• WORK INSTRUCTIONS
Once the pictures are set aside, copy the data below exactly as it stands.

• COLLECTED DATA
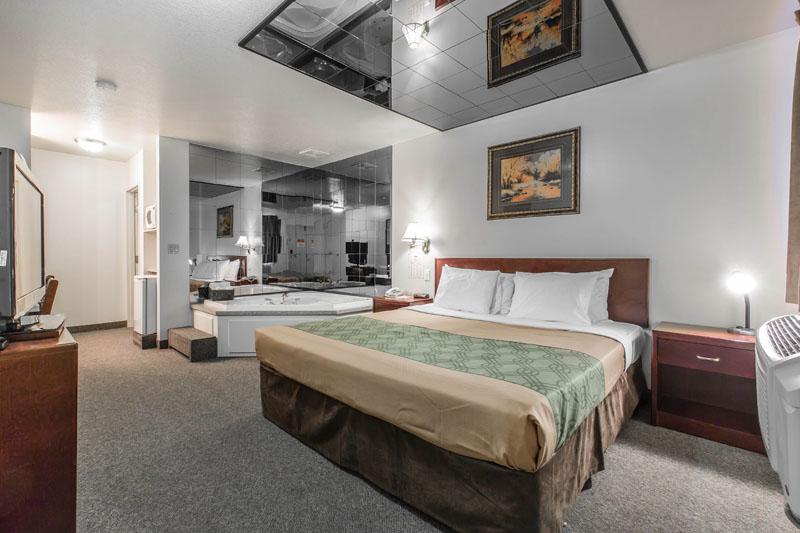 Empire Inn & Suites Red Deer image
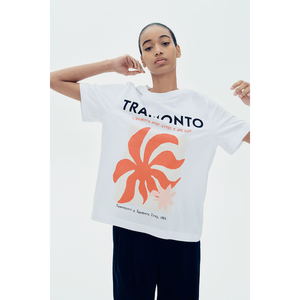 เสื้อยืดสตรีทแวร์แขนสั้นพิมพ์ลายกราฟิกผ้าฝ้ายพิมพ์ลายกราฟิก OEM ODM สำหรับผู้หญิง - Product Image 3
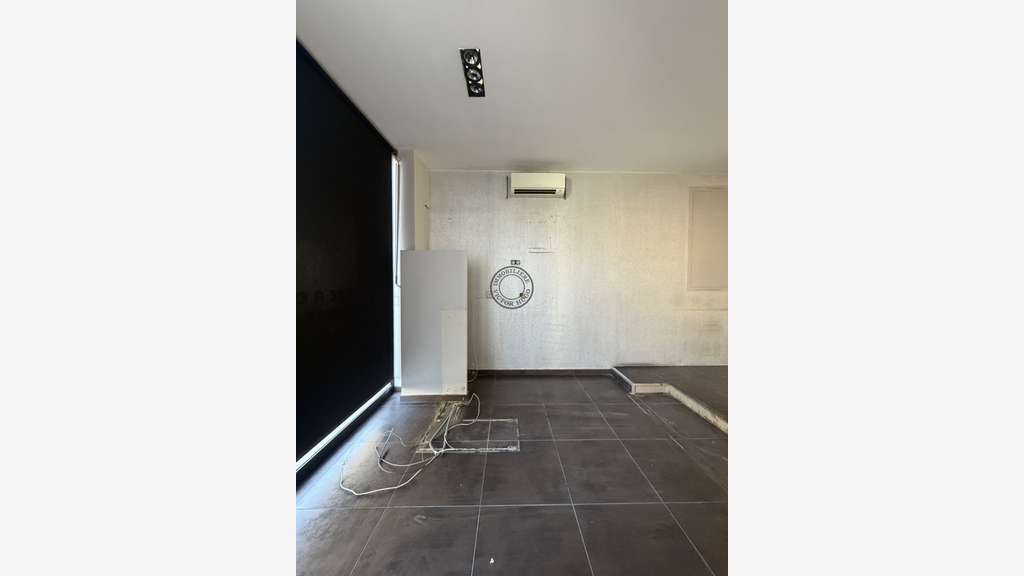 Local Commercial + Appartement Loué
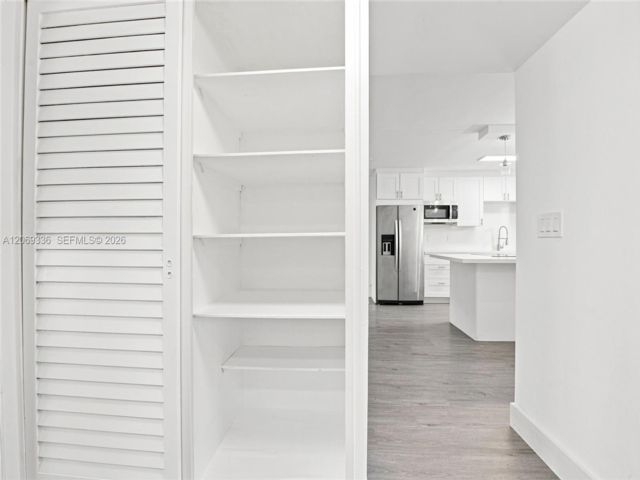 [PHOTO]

• SOLVED PROBLEM
 Empire Inn & Suites Red Deer image
 เสื้อยืดสตรีทแวร์แขนสั้นพิมพ์ลายกราฟิกผ้าฝ้ายพิมพ์ลายกราฟิก OEM ODM สำหรับผู้หญิง - Product Image 3
 Local Commercial + Appartement Loué
 [PHOTO]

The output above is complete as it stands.